### [Required work]
Please restate word for word the lines of the entries below from the one with "Children’s of Alabama hospital building" to the one with "Leaf Charcuterie Board", inclusive, and leave out every picture.

### [Material to process]
# # # # # # #
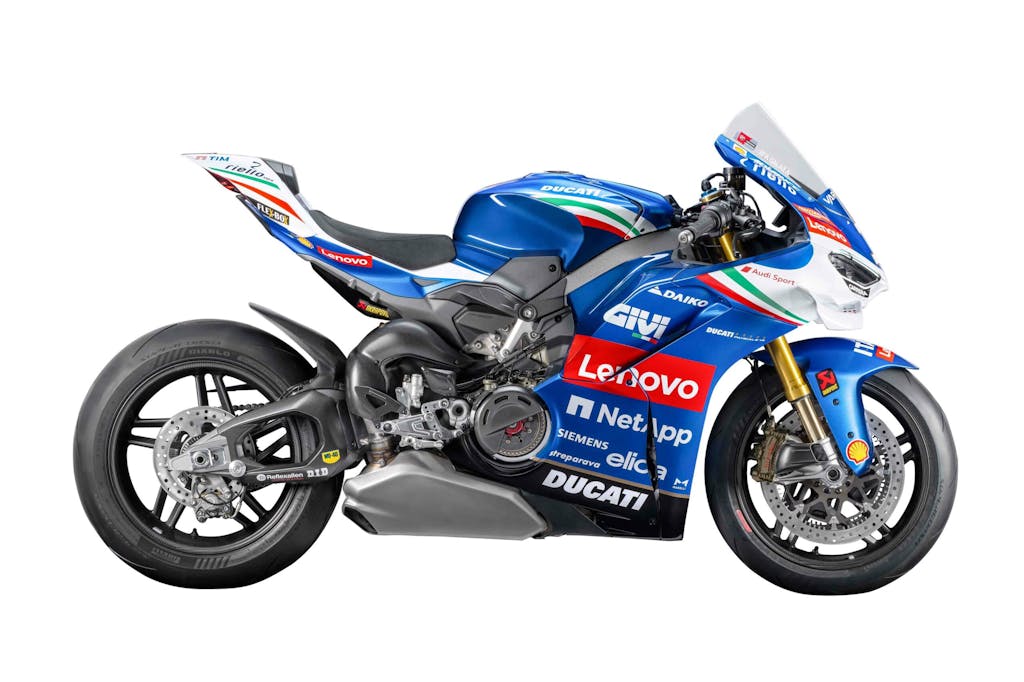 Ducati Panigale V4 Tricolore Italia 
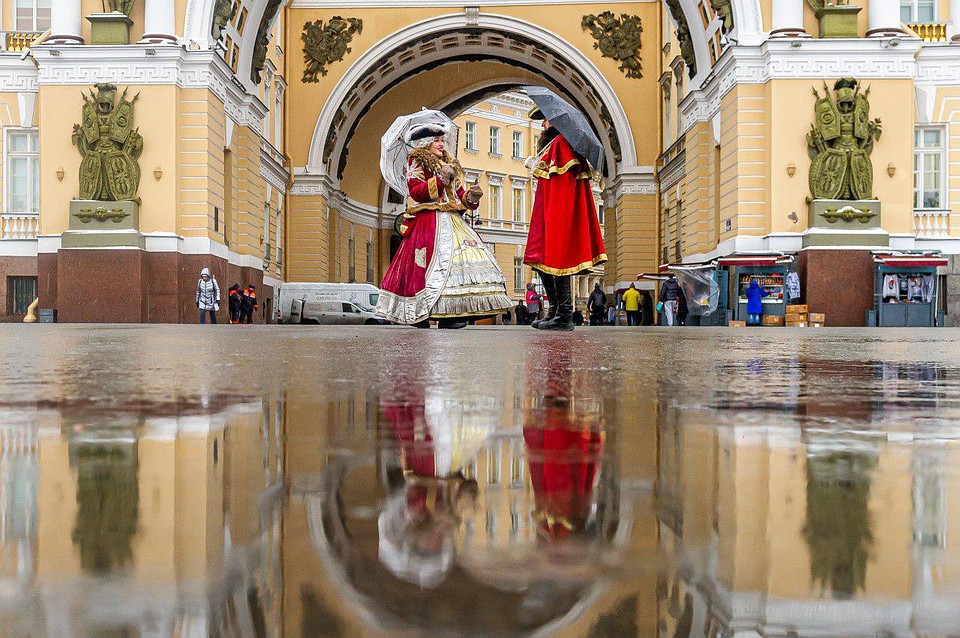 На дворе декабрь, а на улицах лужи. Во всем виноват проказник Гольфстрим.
# # # # # # #
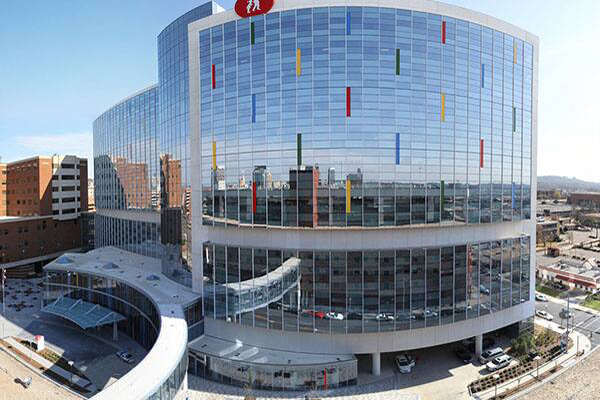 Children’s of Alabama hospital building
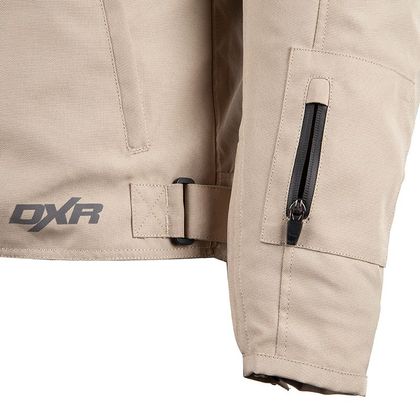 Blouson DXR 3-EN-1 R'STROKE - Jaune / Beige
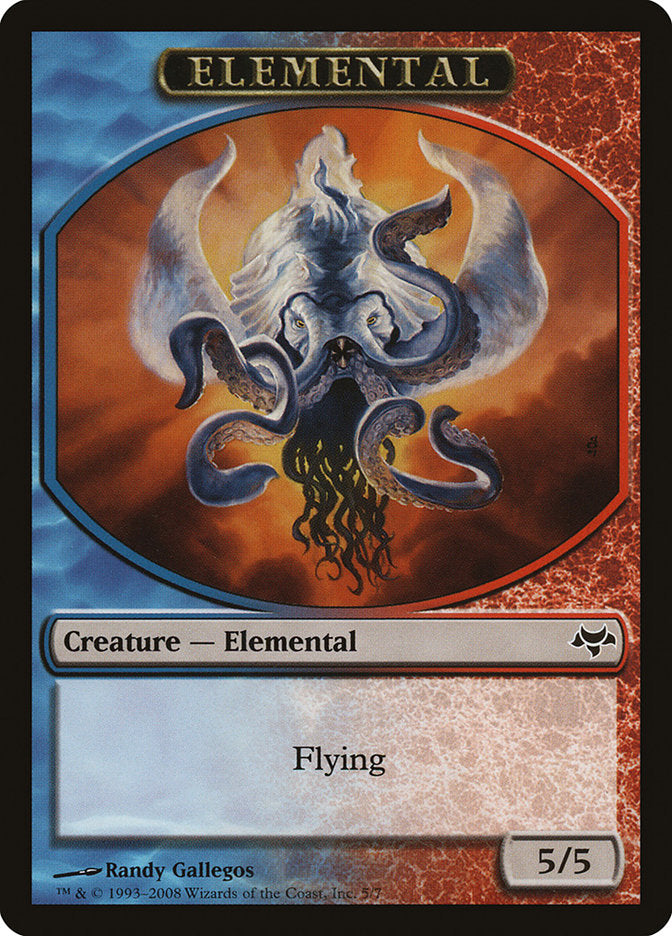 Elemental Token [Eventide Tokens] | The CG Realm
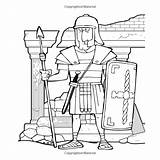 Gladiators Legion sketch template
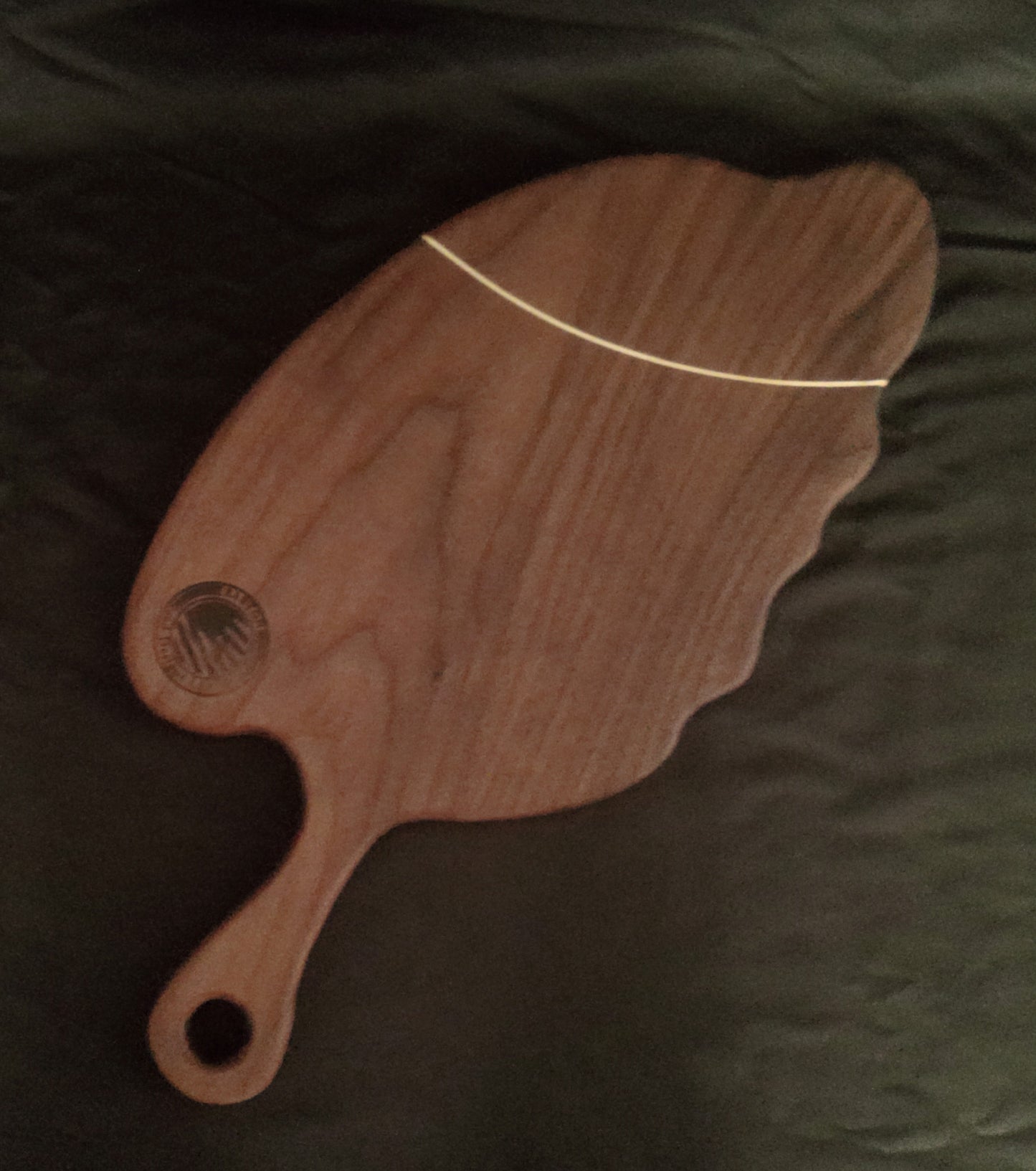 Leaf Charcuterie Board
# # # # # # #
### [Response]
 Children’s of Alabama hospital building
 Blouson DXR 3-EN-1 R'STROKE - Jaune / Beige
 Elemental Token [Eventide Tokens] | The CG Realm
 Gladiators Legion sketch template
 Leaf Charcuterie Board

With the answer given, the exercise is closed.